Son unos conjuntos abominables, al margen de cualquier cultura, de cualquier idea de confort y de modernidad, una exacerbación de eso que para abreviar llamamos mal gusto. Los edificios se asemejan a los grandes disparates de Las Vegas sin disimular el cartón piedra ni aparentar referencias, con añadidos que querían ser residuos islámicos y que no son más que fragmentos de meublés parisienses de los años treinta. Cuando las cámaras de televisión penetran en los grandes salones, el panorama es todavía más deprimemte: espacios siniestros, inexpresivos, arañas de cristal empobrecido, muebles de pésima calidad con fórmulas coloniales de todos los Luises franceses y tapicerías que presumen recordar el beis y el oro de los teatros de ópera ochocentistas, según la versión de un escenógrafo de zarzuelas. ¿Cómo puede ser que una tradición cultural tan fuerte y variada haya caído en un mal gusto que ni siquiera es provocador?

Sería fácil constestar que ese estilo Sadam es consecuencia de la propia degradación política, del aislamiento y del desprecio cultural que el propio régimen propició. Pero sería una respuesta incompleta porque cada vez que veo una reunión de dignatarios en cualquier país del mundo, el escenario decorativo se parece mucho al de Sadam. Veo siempre a Bush, el emir de Qatar, Aznar, Blair, Sharon, Putin, Juan Carlos I, Arafat, en esas cumbres unilaterales sentados en butacones abigarrados, ante unas mesas que, según cada tendencia nacionalista, aparentan proceder de Luis XVI, de Chippendale, de Boulle o del llamado Renacimiento español.
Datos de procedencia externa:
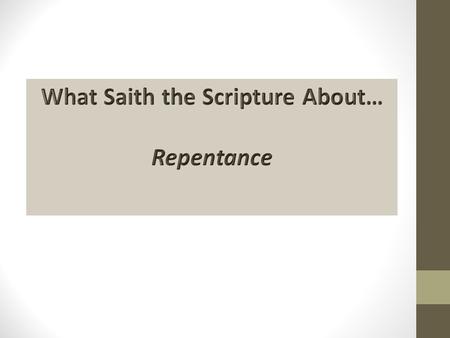 Romans 4:3 For what saith the Scripture? (KJV)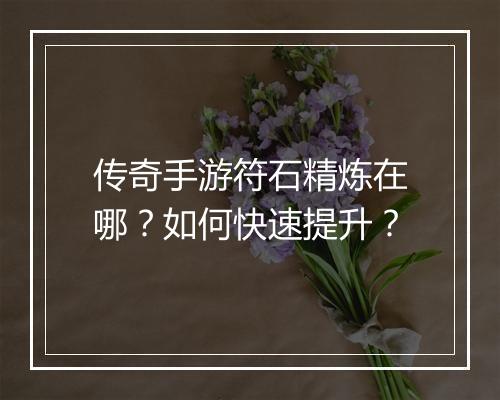 传奇手游符石精炼在哪？如何快速提升？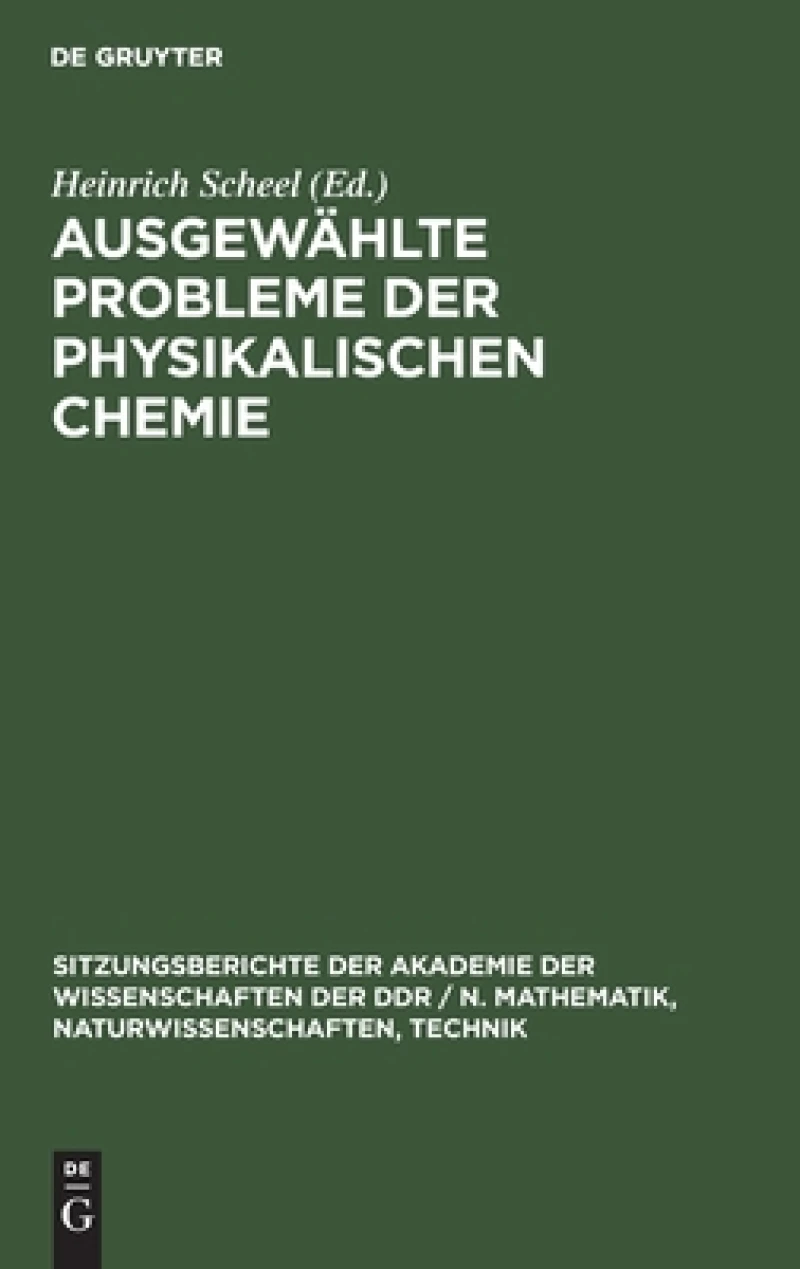 Ausgewählte Probleme der physikalischen Chemie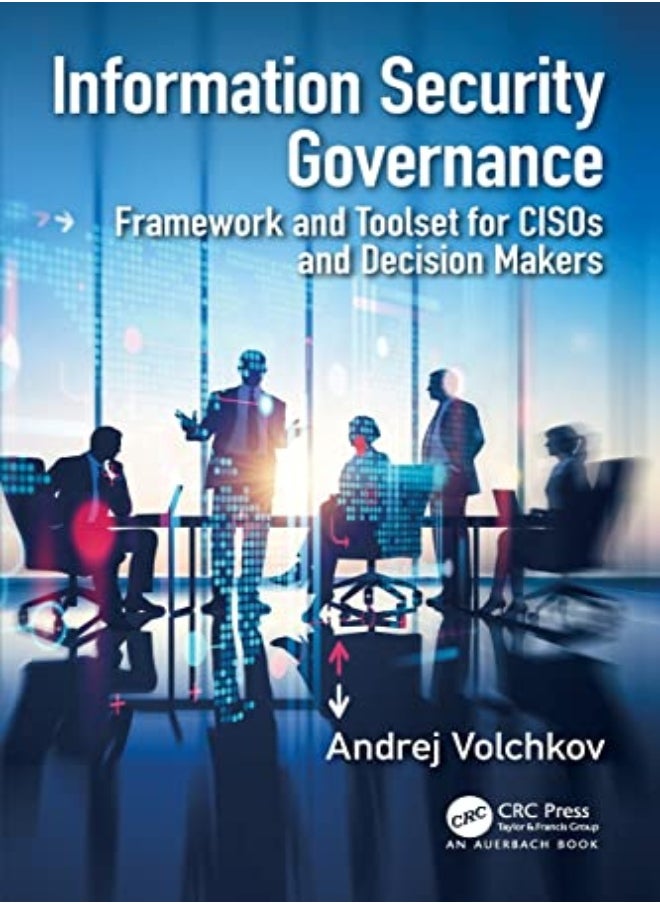 null - Information Security Governance Framework And Toolset For Cisos And Decision Makers - Image 1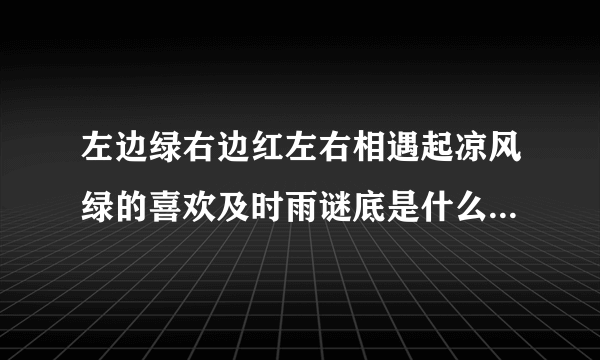 左边绿右边红左右相遇起凉风绿的喜欢及时雨谜底是什么（左边绿右边红左右相遇起凉风绿的喜欢及时雨）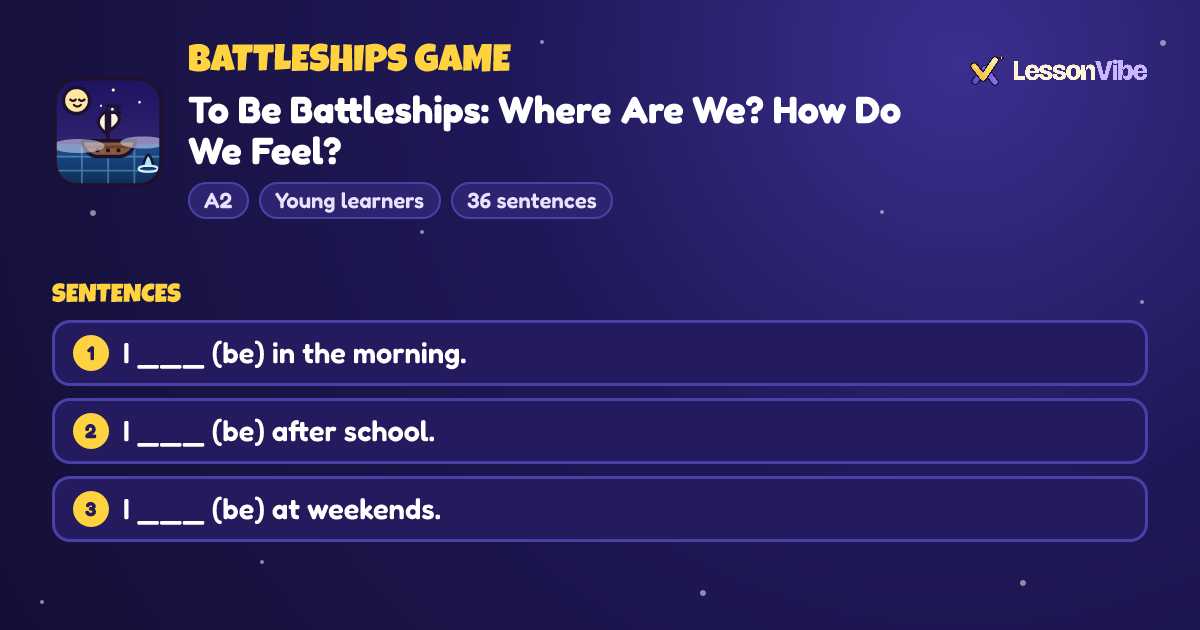Battleships Game: To Be Battleships: Where Are We? How Do We Feel? (A2, Young learners, 36 sentences)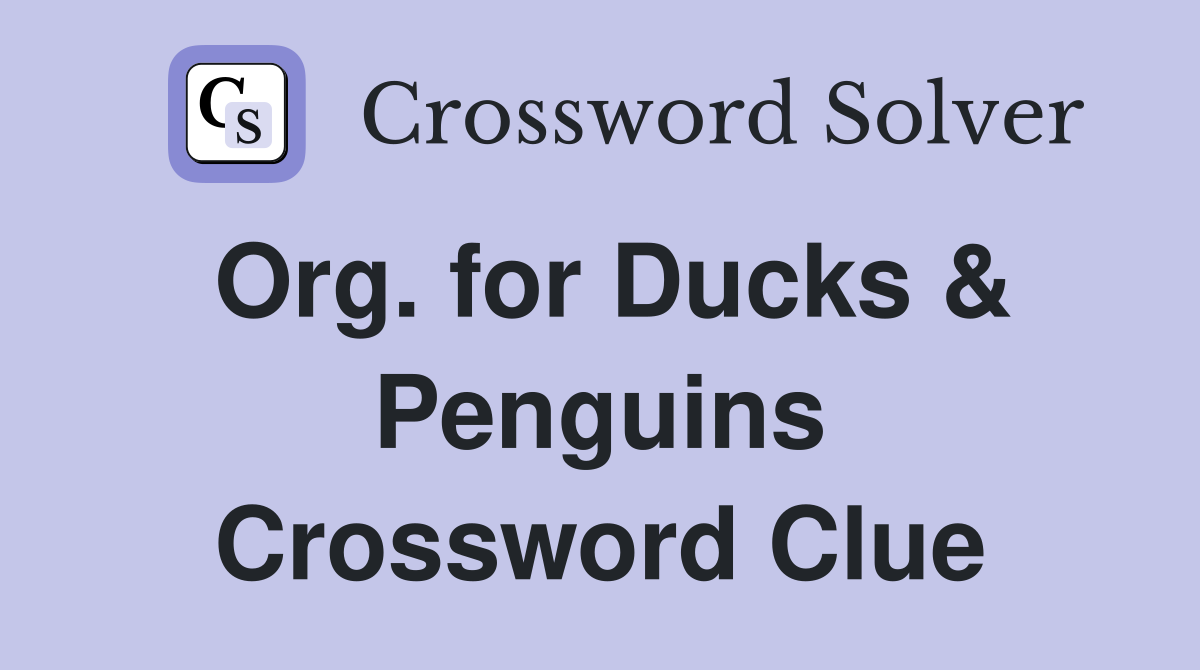 Org. for Ducks & Penguins Crossword Clue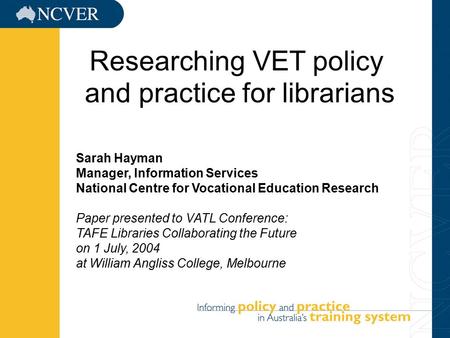 11/5/20151 Sarah Hayman Manager, Information Services National Centre for Vocational Education Research Paper presented to VATL Conference: TAFE Libraries.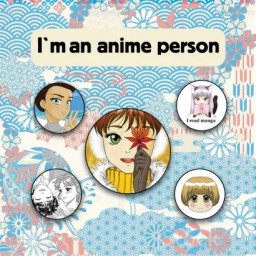   I`m An Anime Person (5 )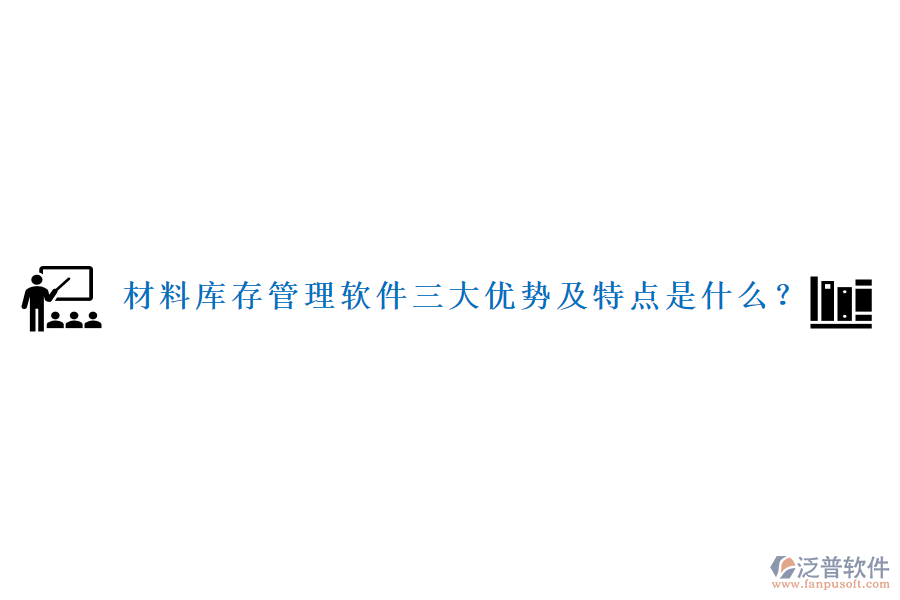 材料庫存管理軟件三大優(yōu)勢及特點是什么？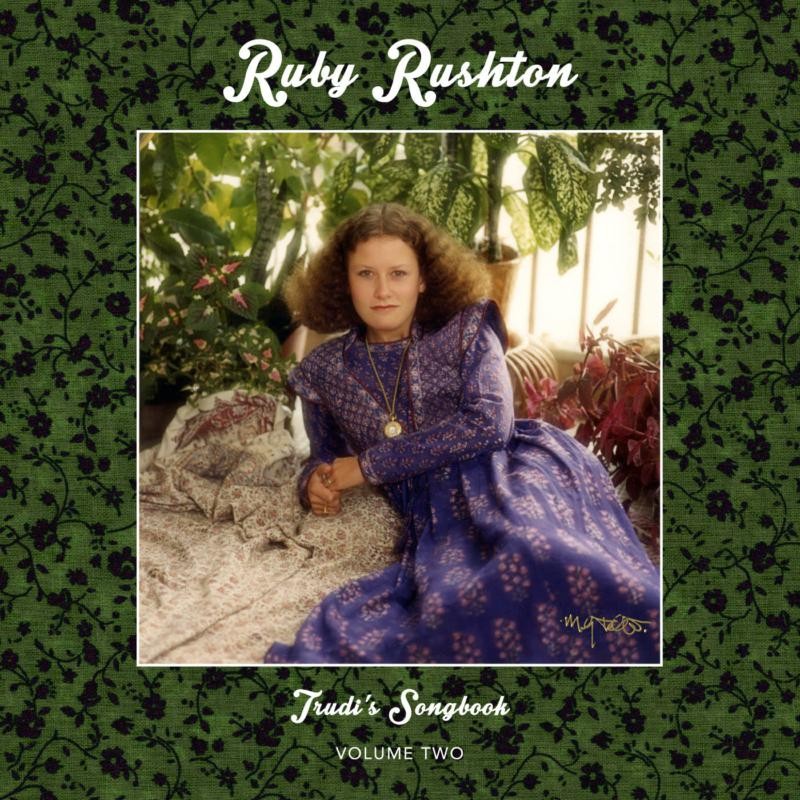 Ruby Rushton Trudi's Songbook: Volume Two CD 22A019CD NEW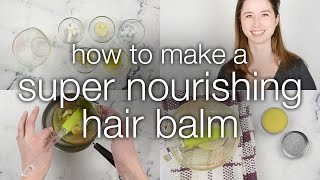 How to Make a DIY Super Nourishing Hair Balm [upl. by Olnee231]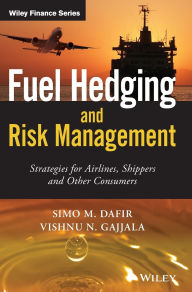 Title: Fuel Hedging and Risk Management: Strategies for Airlines, Shippers and Other Consumers, Author: Simo M. Dafir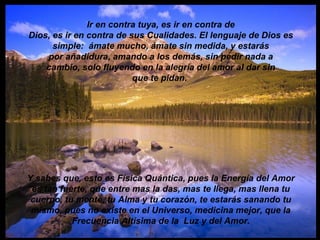 Ir en contra tuya, es ir en contra de Dios, es ir en contra de sus Cualidades. El lenguaje de Dios es simple:  ámate mucho, ámate sin medida, y estarás por añadidura, amando a los demás, sin pedir nada a cambio, solo fluyendo en la alegría del amor al dar sin que te pidan.   Y sabes que, esto es Física Quántica, pues la Energía del Amor es tan fuerte, que entre mas la das, mas te llega, mas llena tu cuerpo, tu mente, tu Alma y tu corazón, te estarás sanando tu mismo, pues no existe en el Universo, medicina mejor, que la Frecuencia Altísima de la  Luz y del Amor. 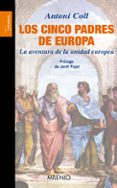 LOS CINCO PADRES DE EUROPA de COLL, ANTONI 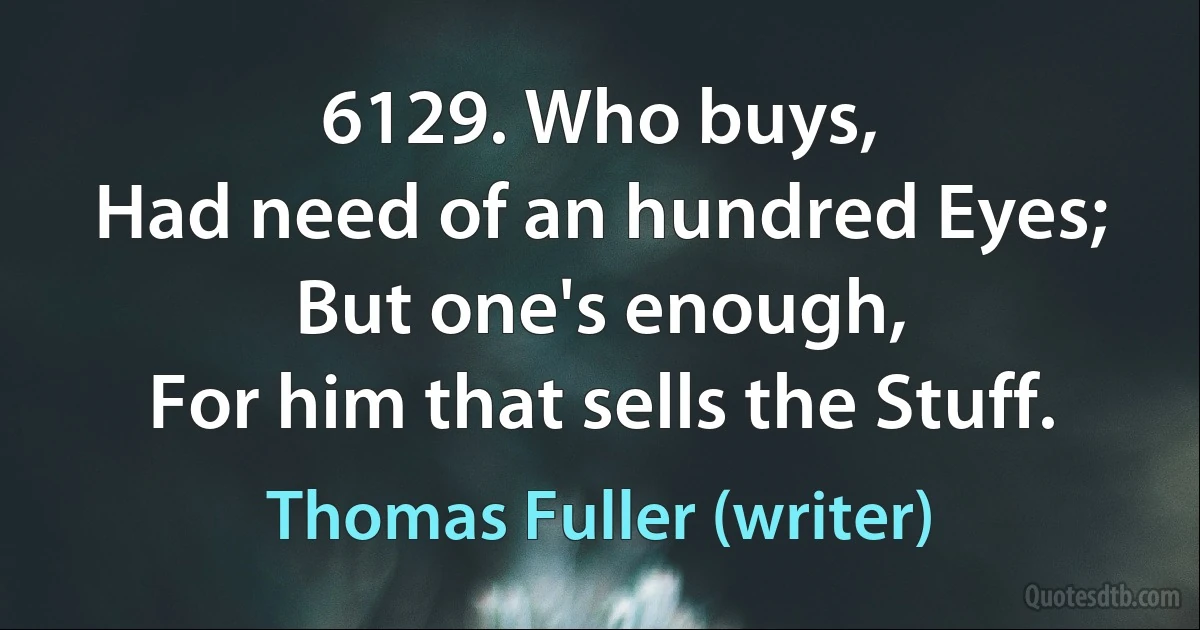 6129. Who buys,
Had need of an hundred Eyes;
But one's enough,
For him that sells the Stuff. (Thomas Fuller (writer))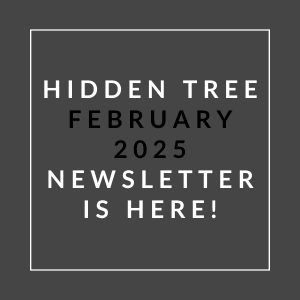 A black and white image announcing the Hidden Tree February 2025 Newsletter.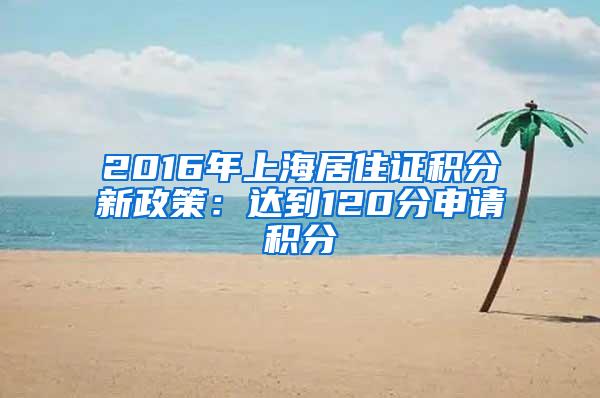 2016年上海居住证积分新政策：达到120分申请积分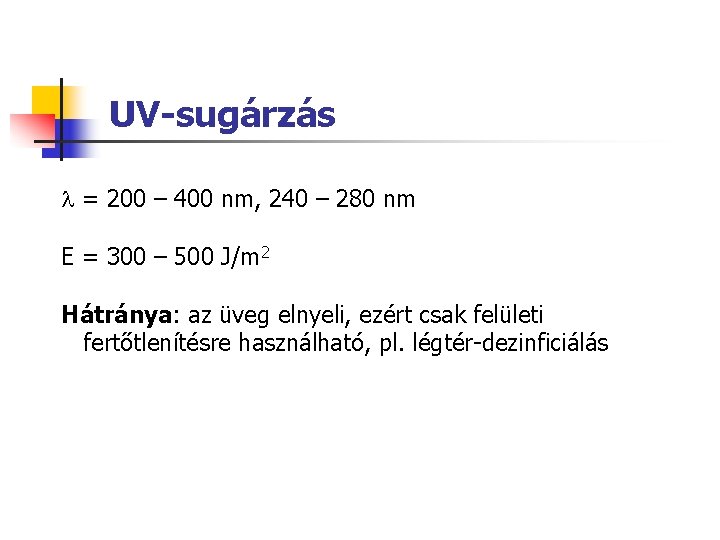 UV-sugárzás = 200 – 400 nm, 240 – 280 nm E = 300 –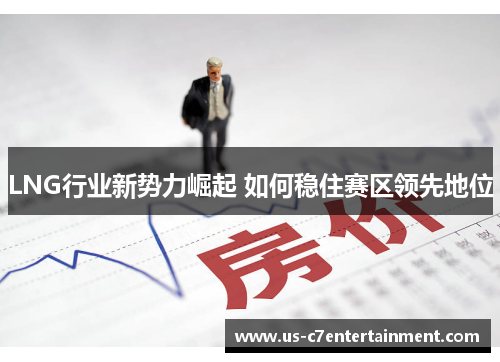 LNG行业新势力崛起 如何稳住赛区领先地位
Es cierto que en muchos países hay una tradición de antiguos edificios de gobierno de alta calidad arquitectónica que se prolonga con una larga lista de nuevas construcciones. La reforma del Bundestag y los nuevos ministerios de Berlín o el Parlamento de Edimburgo, que está a punto de inaugurarse, son ejemplos recientes significativos. Los edificios de la ONU en Nueva York y de la Unesco en París fueron en su época dos proclamas de modernidad. Pero, en cambio, cuando la función gubernamental se combina con ciertos usos residenciales de los propios gobernantes, el mal gusto aparece indefectiblemente en la mayoría de los países, quizá porque esos gobernantes no soportan en la intimidad ningún rasgo de cultura demasiado provocador. Los apartamentos presidenciales de Washington, de Londres, de Moscú o de Madrid no tienen nada que envidiar al mal gusto de Sadam Husein. Sólo con una diferencia: en Irak, sin instrumentos democráticos reales, casi todos los edificios oficiales eran propiamente residencias. Y por tanto, el mal gusto estaba más asegurado.

Madrid está casi en el mismo eje del mal gusto que Bagdad. Después de una tradición barroca y ecléctica que dio resultados tan potentes como el Palacio Real, el Congreso y algunos ministerios, los últimos tres edificios oficiales con residencia propia desacreditan el prestigio de nuestra cultura: La Zarzuela, La Moncloa y el nuevo palacete del Príncipe. El día en que haya que desalojarlos no quedará ningún rastro digno. La estupenda mole del viejo Palacio Real -y La Granja, Aranjuez, El Escorial y tantos otros repartidos por toda España- es el signo de la cultura arquitectónica de su época. Y el palacete del Príncipe -una cuestión que tiene insignes precedentes en las familias reales españolas- también lo será: una cultura abominable, inferior al consumo popular, aceptada sin reparos por unos reyes, unos políticos y unos funcionarios que seguramente no nos merecemos. Los ejes del mal gusto de los gobernantes traspasan sistemas e ideologías. Uno de ellos va de Bagdad a Madrid aunque los mandatarios hayan postulado posiciones bélicas contradictorias.